Dataset excerpts:
--- START ---

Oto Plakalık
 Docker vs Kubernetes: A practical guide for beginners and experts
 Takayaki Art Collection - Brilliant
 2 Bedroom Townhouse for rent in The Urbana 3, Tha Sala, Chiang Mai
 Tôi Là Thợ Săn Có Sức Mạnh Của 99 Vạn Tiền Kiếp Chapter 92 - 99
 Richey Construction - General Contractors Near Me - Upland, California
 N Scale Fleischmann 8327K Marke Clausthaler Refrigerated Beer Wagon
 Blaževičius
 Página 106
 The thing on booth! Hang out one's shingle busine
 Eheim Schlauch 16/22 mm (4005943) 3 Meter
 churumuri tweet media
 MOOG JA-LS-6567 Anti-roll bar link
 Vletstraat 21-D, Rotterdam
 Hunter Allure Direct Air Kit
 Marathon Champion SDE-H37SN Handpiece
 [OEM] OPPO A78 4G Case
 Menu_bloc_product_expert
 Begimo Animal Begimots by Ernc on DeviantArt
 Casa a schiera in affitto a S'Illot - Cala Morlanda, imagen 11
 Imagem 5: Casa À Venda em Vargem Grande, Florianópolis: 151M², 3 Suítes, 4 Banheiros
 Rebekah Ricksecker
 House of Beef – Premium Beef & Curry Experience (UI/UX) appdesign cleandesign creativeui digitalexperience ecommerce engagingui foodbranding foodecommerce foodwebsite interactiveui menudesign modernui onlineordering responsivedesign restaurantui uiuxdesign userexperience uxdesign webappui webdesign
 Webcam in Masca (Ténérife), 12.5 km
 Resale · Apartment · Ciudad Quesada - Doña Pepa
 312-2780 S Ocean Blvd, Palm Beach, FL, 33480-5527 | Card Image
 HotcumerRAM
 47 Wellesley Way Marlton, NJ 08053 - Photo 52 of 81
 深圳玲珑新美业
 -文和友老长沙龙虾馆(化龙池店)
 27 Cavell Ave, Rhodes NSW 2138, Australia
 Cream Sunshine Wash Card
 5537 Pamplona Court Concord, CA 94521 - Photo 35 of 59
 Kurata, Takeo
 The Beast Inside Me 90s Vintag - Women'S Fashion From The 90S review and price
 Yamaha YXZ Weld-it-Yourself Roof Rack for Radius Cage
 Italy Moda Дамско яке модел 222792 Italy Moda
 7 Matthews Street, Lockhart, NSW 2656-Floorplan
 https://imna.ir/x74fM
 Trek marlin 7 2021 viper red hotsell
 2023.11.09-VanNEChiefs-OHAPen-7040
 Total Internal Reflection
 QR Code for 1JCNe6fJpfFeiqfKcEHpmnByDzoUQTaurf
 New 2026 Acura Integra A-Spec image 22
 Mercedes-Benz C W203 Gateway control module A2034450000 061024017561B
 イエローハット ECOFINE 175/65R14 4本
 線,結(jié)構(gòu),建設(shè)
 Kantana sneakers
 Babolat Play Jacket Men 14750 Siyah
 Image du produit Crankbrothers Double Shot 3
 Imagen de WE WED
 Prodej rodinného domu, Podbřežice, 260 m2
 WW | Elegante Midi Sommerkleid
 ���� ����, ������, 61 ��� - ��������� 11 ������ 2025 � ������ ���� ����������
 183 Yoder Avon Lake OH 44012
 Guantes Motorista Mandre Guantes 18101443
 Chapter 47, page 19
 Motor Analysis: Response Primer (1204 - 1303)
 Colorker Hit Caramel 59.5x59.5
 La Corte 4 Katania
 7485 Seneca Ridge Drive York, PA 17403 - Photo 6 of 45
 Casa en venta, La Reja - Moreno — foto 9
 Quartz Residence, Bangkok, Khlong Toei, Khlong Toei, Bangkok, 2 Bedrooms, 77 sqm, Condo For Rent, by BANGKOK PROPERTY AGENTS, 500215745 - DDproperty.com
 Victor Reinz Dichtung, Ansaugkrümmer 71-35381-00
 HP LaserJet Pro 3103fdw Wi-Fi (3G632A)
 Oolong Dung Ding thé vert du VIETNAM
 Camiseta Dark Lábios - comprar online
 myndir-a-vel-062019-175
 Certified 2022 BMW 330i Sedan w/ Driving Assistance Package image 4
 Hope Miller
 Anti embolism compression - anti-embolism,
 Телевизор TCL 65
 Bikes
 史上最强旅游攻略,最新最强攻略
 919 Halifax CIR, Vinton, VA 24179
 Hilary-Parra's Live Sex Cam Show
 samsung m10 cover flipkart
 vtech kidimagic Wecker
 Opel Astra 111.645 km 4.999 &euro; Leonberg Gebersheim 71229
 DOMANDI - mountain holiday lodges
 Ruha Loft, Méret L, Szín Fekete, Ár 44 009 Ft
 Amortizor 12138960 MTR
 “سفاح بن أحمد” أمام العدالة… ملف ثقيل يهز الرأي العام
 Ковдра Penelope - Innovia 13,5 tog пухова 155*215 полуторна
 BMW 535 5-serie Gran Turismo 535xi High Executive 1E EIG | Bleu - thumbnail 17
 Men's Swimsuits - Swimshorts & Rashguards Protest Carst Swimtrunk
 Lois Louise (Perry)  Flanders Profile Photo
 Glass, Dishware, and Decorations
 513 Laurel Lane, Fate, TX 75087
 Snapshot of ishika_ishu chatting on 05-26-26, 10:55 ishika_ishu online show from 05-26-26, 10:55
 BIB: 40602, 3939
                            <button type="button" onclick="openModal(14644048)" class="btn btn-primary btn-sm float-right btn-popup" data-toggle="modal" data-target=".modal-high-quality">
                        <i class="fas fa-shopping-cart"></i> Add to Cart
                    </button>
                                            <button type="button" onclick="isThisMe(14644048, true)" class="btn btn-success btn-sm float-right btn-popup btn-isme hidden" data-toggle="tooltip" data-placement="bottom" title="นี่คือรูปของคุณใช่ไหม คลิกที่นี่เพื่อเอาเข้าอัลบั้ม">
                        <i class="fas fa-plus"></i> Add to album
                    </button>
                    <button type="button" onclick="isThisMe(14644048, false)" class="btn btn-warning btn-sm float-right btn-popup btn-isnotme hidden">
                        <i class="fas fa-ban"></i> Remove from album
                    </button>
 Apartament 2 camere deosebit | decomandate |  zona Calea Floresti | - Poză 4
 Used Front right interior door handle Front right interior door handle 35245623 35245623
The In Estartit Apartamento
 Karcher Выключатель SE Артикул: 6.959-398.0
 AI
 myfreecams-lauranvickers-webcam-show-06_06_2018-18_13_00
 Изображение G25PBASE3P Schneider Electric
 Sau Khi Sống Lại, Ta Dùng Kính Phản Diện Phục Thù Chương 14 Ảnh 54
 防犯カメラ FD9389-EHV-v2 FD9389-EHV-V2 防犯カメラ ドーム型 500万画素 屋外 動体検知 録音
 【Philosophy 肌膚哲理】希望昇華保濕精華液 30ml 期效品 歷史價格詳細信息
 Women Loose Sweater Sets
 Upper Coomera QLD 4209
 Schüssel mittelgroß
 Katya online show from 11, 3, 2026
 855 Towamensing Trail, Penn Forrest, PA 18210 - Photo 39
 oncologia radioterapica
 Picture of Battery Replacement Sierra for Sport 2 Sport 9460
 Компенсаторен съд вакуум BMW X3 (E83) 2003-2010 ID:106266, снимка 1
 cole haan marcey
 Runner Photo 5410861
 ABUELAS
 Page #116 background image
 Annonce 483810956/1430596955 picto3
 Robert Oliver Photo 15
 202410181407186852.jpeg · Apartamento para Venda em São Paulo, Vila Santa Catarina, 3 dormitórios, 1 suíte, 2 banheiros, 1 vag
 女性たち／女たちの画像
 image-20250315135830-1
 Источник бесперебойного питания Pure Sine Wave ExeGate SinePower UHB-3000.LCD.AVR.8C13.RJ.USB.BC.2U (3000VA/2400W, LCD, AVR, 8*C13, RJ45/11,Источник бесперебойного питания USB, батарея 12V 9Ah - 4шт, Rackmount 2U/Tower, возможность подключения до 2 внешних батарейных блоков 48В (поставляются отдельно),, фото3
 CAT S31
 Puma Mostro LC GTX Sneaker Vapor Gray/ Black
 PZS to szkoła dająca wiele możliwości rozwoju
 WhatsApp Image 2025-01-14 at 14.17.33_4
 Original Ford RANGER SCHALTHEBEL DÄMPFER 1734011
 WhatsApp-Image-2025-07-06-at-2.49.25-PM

--- END ---

▸ WHAT IS EXPECTED
Only the lines from the one containing "Women Loose Sweater Sets" to the end of the data should be printed, exactly as they stand.

▸ ANSWER SECTION
 Women Loose Sweater Sets
 Upper Coomera QLD 4209
 Schüssel mittelgroß
 Katya online show from 11, 3, 2026
 855 Towamensing Trail, Penn Forrest, PA 18210 - Photo 39
 oncologia radioterapica
 Picture of Battery Replacement Sierra for Sport 2 Sport 9460
 Компенсаторен съд вакуум BMW X3 (E83) 2003-2010 ID:106266, снимка 1
 cole haan marcey
 Runner Photo 5410861
 ABUELAS
 Page #116 background image
 Annonce 483810956/1430596955 picto3
 Robert Oliver Photo 15
 202410181407186852.jpeg · Apartamento para Venda em São Paulo, Vila Santa Catarina, 3 dormitórios, 1 suíte, 2 banheiros, 1 vag
 女性たち／女たちの画像
 image-20250315135830-1
 Источник бесперебойного питания Pure Sine Wave ExeGate SinePower UHB-3000.LCD.AVR.8C13.RJ.USB.BC.2U (3000VA/2400W, LCD, AVR, 8*C13, RJ45/11,Источник бесперебойного питания USB, батарея 12V 9Ah - 4шт, Rackmount 2U/Tower, возможность подключения до 2 внешних батарейных блоков 48В (поставляются отдельно),, фото3
 CAT S31
 Puma Mostro LC GTX Sneaker Vapor Gray/ Black
 PZS to szkoła dająca wiele możliwości rozwoju
 WhatsApp Image 2025-01-14 at 14.17.33_4
 Original Ford RANGER SCHALTHEBEL DÄMPFER 1734011
 WhatsApp-Image-2025-07-06-at-2.49.25-PM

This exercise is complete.